There are many variants of CIDP. Again, the most common being the typical variant that I just mentioned. But such variants include a motor-only phenotype, where it's just motor nerves that are involved, so patients have weakness but no sensory symptoms. There's the converse. There's a sensory variant where patients have sensory loss, which can present as numbness, ataxia, usually a combination of both but without frank weakness on examination. There's a multifocal phenotype which, as it suggests, is not symmetrical. It typically involves motor and sensory involvement in upper and lower extremities but can be variable and can follow main nerve patterns. And then finally, there is a distal phenotype which, as it suggests, the majority of the symptoms are predominantly distal in the hands and in the feet. Again, both of a motor and sensory phenotype.
So those are the typical ways that patients will present. Again, the more common form being the typical form with the combination of weakness, sensory loss, and, again, that sensory loss presenting as typically numbness or ataxia.
Jeff, anything to add? Anything I missed?
Dr. Allen:
Yeah, that's a great summary. One great resource that one can use in order to help understand these definitions are the EAN/EFNS/ENS guidelines that we published in 2021, and those kind of go over these specific definitions of typical and its variants.
And as you highlighted, the main variants are the sensory phenotype, the motor, the distal, and the multifocal. One of the things that the guidelines highlight is that when you are dealing with these variants, they should otherwise have features of typical CIDP. So in other words, the motor variant should have both proximal and distal relatively symmetric weakness, the sensory variant relatively symmetric proximal and distal numbness, and then the multifocal, several areas of both numbness and weakness. And then the distal, it's numbness and weakness usually below the knee and in the hands. But otherwise, the progression should look the same and the reflexes should look the same, generally depressed except maybe not in areas that are clinically not affected.

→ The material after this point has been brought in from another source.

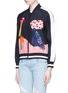 Front View - Click To Enlarge - ALICE & OLIVIA - 'Felisa' bird and plant print silk bomber jacket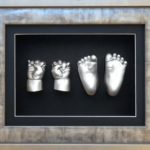 New 3D Baby Plaster Casting Kit Boy Girl Twins Siblings / Urban Pewter Silver Frame / Metallic Silver paint – by BabyRice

But that pattern should really be similar. We know those patients that have those variants, those are often the ones that are hardest to diagnose, especially the distal ones in the sensory ones. So seeing those other features that are in common with the typical CIDP are really, really important.
Anything else that –
Dr. Silvestri:
No, I think that's a great point. I mean, I think that really paying attention to the guidelines and holding those guidelines stringently are important, especially as you point out, not so much in the case of typical CIDP, though it's very important, but in those variants, because they’re so rare, I think it's really key that you look at those other features of CIDP as well just to make sure that you're making the correct diagnosis.
Dr. Allen:
I guess the other comment to make is that one of the reasons we include these patients under this umbrella of CIDP, the syndrome of CIDP, is that we think there's some commonality in either pathobiology or the way that we treat them or other diagnostic data so that we can put them under a similar umbrella and use that diagnosis. Because for the most part, the way we go about treating them is very, very similar.
Dr. Silvestri:
I agree.
Dr. Allen:
Well, this has been a great bite-sized discussion. That's our time. Thanks so much for listening.